産経新聞大阪夕刊に「あなたの日本語大丈夫?」というタイトルで1年半にわたり掲載されたコラムの中からいくつかご紹介します。日々、若い人たちと話したり電車の中で見かけたりすることの中から、ことばにまつわることを、あれこれ思いつくままに書いたものですが、そんな中に話しことばの酸いも甘いも・・・が息づいているのではないかとも思うのです。
特集: あなたの日本語大丈夫?
2017年5月 1日
好意を持っている人から「あなたが好きです」と言われたら、とてもうれしいでしょう。でも、「あなたも好きです」と言われたら? ちょっと複雑な気分で素直に喜べないのではないでしょうか。「あなたも好き」は、他にも好きな人がいる、というニュアンスを含んでいるからです。
人にほめられるとき「あなた、字は上手ね」と言われるのと、「あなた、字も上手ね」と言われるのと、どちらがうれしいですか?私なら「あなた、字も上手ね」の方がうれしいのです。
なぜならこの言い方は「歌も上手だけど...」とか「性格もいいけど...」など他にもほめるところがある、ということを意味するからです。
「字は上手ね」。このほめ方の裏には「他はたいしたことないけど」とか「文章は下手だけど」などという気持ちが隠されています。たった一文字違うだけで言われたほうの気持ちもずいぶん変わってきます。
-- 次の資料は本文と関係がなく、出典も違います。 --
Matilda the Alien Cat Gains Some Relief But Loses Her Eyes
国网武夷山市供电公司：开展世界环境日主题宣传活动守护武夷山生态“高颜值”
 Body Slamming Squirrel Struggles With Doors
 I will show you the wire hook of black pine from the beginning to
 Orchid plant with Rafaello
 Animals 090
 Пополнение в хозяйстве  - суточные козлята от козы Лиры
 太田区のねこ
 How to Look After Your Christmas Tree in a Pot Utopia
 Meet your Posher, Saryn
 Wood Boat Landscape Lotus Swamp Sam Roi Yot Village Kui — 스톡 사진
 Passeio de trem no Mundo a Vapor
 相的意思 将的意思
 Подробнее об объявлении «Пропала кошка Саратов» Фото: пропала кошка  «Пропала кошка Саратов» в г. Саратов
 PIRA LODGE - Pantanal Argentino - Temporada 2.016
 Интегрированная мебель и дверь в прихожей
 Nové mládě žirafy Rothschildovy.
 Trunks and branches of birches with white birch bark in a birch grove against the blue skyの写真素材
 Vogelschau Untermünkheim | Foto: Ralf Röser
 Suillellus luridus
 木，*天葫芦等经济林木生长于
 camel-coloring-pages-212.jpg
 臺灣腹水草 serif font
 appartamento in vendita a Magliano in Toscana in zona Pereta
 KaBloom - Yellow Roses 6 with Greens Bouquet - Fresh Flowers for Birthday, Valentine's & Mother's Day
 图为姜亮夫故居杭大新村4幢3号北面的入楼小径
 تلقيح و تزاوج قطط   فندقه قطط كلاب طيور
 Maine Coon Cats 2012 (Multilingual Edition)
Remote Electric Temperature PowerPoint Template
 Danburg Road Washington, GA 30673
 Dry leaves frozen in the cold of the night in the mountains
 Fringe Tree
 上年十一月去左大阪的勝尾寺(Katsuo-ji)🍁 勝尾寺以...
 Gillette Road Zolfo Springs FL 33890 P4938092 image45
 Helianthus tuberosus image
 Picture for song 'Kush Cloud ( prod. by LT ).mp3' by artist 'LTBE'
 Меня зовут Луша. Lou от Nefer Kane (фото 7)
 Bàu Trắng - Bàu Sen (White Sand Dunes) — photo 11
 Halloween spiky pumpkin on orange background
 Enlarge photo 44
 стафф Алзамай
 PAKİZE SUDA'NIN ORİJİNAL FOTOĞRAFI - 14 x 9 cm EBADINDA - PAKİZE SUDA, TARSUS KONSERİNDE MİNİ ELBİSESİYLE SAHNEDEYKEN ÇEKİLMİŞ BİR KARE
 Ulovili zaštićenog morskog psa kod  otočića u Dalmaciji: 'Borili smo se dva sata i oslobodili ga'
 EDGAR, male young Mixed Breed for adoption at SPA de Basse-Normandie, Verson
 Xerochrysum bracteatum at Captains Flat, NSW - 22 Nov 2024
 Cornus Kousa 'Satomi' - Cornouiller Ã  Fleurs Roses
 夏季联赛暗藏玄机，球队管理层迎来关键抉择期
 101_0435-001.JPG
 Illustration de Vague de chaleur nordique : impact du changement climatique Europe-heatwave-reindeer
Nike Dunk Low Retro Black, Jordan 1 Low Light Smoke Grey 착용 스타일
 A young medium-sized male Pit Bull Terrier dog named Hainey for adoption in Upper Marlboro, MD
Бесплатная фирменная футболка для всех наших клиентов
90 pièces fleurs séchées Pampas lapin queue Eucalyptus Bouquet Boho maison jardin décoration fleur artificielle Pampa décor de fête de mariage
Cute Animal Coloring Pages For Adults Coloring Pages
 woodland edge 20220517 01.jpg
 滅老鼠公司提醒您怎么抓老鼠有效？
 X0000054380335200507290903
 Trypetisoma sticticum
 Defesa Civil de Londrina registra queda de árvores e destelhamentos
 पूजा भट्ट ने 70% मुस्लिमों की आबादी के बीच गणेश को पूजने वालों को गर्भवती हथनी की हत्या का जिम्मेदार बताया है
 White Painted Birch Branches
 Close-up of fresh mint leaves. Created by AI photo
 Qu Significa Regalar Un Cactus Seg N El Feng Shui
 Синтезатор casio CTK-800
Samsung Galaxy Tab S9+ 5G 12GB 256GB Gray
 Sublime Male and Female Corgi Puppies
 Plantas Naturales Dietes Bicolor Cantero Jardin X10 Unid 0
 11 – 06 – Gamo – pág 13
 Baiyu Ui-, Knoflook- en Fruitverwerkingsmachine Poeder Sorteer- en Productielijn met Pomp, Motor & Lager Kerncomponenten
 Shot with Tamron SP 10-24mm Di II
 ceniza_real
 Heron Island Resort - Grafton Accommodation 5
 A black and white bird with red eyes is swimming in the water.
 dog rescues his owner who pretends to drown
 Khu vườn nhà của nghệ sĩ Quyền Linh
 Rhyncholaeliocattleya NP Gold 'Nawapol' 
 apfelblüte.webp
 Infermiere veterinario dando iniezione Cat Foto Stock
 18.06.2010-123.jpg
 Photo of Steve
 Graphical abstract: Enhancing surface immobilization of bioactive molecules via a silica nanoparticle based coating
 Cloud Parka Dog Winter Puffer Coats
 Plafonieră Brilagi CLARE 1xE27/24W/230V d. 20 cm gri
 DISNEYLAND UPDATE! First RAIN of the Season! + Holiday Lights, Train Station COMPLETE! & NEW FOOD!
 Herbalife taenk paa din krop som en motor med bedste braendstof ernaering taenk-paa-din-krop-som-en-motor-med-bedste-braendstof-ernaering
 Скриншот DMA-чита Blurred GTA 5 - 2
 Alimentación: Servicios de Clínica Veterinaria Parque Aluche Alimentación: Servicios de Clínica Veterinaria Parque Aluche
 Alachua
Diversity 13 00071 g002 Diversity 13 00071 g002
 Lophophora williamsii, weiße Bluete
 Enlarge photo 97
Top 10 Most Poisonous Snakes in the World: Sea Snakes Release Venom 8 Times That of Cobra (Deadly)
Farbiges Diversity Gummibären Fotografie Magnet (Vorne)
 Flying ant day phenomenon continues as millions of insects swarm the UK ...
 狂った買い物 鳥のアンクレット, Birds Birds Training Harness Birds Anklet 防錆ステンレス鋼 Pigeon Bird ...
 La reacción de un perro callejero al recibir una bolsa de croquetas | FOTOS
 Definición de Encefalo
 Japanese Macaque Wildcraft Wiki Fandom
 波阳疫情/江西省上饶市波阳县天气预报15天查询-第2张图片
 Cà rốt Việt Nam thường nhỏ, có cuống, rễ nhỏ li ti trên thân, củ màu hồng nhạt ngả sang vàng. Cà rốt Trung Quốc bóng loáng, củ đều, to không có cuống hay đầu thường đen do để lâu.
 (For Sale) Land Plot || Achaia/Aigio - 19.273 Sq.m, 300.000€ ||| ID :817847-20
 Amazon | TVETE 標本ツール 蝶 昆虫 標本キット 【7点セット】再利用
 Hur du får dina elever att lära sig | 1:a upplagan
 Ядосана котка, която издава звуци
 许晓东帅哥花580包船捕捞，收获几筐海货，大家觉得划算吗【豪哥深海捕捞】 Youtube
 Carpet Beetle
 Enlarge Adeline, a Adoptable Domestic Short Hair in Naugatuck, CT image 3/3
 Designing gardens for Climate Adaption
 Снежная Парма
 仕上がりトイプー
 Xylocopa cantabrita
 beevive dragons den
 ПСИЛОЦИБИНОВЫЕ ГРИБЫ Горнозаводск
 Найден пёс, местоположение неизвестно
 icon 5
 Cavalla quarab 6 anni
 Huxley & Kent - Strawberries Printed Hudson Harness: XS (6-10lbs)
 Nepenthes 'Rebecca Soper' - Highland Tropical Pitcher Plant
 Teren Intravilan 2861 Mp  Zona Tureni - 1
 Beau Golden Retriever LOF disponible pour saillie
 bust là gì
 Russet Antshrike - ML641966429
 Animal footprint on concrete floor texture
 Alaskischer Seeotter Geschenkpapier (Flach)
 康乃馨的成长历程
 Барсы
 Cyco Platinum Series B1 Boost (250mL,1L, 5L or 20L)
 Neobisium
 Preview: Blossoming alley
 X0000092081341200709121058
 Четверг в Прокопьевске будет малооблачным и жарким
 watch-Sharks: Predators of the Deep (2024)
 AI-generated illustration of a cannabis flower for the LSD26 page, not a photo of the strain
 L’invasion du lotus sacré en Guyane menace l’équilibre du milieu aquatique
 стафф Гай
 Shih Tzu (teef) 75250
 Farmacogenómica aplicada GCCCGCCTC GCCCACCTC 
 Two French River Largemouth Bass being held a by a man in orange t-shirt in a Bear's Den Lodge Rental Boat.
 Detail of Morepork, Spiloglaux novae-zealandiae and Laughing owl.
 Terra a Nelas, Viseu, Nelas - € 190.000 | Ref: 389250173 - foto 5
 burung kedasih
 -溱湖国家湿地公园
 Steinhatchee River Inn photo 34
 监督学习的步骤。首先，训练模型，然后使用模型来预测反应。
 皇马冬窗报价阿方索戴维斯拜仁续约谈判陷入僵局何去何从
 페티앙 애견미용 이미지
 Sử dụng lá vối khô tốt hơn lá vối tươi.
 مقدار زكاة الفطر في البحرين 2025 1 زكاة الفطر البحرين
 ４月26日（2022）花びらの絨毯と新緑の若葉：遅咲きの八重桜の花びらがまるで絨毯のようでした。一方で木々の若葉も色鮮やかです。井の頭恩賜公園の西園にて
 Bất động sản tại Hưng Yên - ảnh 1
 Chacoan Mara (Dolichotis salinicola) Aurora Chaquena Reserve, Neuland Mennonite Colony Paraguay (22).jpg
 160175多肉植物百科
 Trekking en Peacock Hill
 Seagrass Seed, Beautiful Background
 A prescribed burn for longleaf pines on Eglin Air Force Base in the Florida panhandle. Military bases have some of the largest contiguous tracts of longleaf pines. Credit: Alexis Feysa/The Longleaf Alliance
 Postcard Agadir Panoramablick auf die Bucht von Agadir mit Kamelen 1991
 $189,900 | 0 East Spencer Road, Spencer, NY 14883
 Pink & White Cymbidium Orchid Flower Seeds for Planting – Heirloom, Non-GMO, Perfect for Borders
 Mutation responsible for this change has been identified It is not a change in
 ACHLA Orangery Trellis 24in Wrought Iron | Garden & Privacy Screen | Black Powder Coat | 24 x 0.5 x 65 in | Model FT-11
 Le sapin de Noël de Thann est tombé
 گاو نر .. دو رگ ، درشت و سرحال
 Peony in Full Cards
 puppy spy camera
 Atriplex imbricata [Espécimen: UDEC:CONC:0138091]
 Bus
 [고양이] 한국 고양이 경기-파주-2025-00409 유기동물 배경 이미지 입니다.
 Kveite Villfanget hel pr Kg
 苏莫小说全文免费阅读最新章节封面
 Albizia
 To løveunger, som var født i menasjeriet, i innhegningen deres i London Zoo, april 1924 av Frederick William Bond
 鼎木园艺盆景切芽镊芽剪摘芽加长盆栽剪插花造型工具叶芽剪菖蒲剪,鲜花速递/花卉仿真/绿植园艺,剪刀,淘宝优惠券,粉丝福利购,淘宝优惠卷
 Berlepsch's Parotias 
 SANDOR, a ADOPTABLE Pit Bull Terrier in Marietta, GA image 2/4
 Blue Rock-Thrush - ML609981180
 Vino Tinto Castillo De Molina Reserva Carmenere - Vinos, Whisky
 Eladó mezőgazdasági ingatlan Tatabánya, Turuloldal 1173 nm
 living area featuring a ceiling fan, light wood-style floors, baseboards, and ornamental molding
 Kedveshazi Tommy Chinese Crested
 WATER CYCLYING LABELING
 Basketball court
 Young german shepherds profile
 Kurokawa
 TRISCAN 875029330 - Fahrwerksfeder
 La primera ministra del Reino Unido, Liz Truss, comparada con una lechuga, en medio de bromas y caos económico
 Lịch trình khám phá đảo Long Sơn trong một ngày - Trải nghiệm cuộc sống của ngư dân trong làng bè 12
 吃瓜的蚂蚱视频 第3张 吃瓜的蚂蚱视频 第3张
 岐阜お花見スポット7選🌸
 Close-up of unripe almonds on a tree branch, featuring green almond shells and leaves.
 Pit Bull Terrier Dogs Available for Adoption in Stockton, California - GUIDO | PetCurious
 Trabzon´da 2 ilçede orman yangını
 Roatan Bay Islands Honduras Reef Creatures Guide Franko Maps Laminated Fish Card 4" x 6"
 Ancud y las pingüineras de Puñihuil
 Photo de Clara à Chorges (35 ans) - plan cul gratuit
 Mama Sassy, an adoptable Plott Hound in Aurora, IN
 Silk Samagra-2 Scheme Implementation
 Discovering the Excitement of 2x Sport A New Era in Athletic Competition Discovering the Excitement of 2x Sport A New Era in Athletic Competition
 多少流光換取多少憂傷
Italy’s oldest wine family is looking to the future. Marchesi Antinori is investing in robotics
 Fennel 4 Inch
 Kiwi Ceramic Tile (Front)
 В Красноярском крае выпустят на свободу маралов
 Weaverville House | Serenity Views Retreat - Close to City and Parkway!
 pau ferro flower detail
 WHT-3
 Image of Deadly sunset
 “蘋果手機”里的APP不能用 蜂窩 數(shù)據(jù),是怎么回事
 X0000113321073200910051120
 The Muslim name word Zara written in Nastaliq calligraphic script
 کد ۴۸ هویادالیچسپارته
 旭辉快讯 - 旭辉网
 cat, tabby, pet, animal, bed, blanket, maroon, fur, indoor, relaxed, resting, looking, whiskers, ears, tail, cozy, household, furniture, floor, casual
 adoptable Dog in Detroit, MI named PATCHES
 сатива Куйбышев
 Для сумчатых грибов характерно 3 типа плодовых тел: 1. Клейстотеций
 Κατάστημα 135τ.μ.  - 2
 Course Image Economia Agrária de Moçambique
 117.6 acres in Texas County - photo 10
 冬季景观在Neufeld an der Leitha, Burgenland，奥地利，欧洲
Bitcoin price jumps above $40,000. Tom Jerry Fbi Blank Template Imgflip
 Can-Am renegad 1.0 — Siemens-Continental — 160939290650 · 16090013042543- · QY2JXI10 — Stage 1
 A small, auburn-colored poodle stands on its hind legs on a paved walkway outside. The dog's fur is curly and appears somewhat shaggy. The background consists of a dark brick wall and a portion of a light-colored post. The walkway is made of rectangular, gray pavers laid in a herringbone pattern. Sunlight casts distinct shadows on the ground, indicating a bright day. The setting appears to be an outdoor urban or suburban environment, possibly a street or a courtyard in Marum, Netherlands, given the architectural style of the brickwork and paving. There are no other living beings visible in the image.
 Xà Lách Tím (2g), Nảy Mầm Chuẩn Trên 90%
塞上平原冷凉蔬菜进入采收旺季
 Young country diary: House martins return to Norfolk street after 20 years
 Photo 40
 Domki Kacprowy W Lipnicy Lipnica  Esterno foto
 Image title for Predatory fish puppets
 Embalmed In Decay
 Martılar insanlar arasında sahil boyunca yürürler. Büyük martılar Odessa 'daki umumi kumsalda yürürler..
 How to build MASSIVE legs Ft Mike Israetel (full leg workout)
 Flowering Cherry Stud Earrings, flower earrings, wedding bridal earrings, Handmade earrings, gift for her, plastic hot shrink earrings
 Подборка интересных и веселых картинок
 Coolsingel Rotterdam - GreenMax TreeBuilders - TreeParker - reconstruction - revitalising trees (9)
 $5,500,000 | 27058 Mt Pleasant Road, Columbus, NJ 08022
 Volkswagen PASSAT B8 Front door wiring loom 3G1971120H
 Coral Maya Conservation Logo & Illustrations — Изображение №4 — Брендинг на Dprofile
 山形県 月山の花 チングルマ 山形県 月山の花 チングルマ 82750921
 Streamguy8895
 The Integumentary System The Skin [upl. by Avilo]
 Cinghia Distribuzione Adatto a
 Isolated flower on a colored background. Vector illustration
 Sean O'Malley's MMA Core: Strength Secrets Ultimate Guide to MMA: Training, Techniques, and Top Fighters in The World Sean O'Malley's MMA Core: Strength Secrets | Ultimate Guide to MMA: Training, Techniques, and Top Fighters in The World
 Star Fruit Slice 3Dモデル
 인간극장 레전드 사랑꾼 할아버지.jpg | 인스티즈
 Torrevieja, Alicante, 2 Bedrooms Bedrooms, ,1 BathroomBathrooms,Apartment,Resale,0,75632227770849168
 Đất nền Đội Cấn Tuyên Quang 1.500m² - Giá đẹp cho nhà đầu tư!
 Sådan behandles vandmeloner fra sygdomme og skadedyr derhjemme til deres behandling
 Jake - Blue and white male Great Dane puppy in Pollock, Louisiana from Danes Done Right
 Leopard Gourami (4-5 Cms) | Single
こういう例は毎日の暮らしの中にも多くみられます。よその家を訪問したとき「お茶がいいですか。それともコーヒーがいいですか」と聞かれて「お茶でいいです」と答えた経験はありませんか。「お茶でいいです」という返事は「本当はコーヒーが飲みたいけど、お茶で我慢しておこう」という気持ちだと受け取られてしまうことがあります。本人は遠慮しているつもりでも、やはり失礼にあたります。本当にお茶が飲みたいのなら、「お茶をお願いします」とか「お茶がいいです」と言う方がいいでしょう。
また、同じ言葉でも一字カットすると別の意味になることがあります。「おしゃべり」は楽しいけど「しゃべり」は嫌われるかもしれませんね。私は「おにぎり」も好きですが、お寿司屋さんで食べる「にぎり」はもっと好きです。みなさんはいかがですか。
濁点がつくとイメージがすっかり変わってしまう言葉もあります。私はいつまでも「キラキラした目」で「さらさらの髪」を保ちたいと願っていますが、「ギラギラした目」で「ざらざらの髪」になったら、どうしましょう?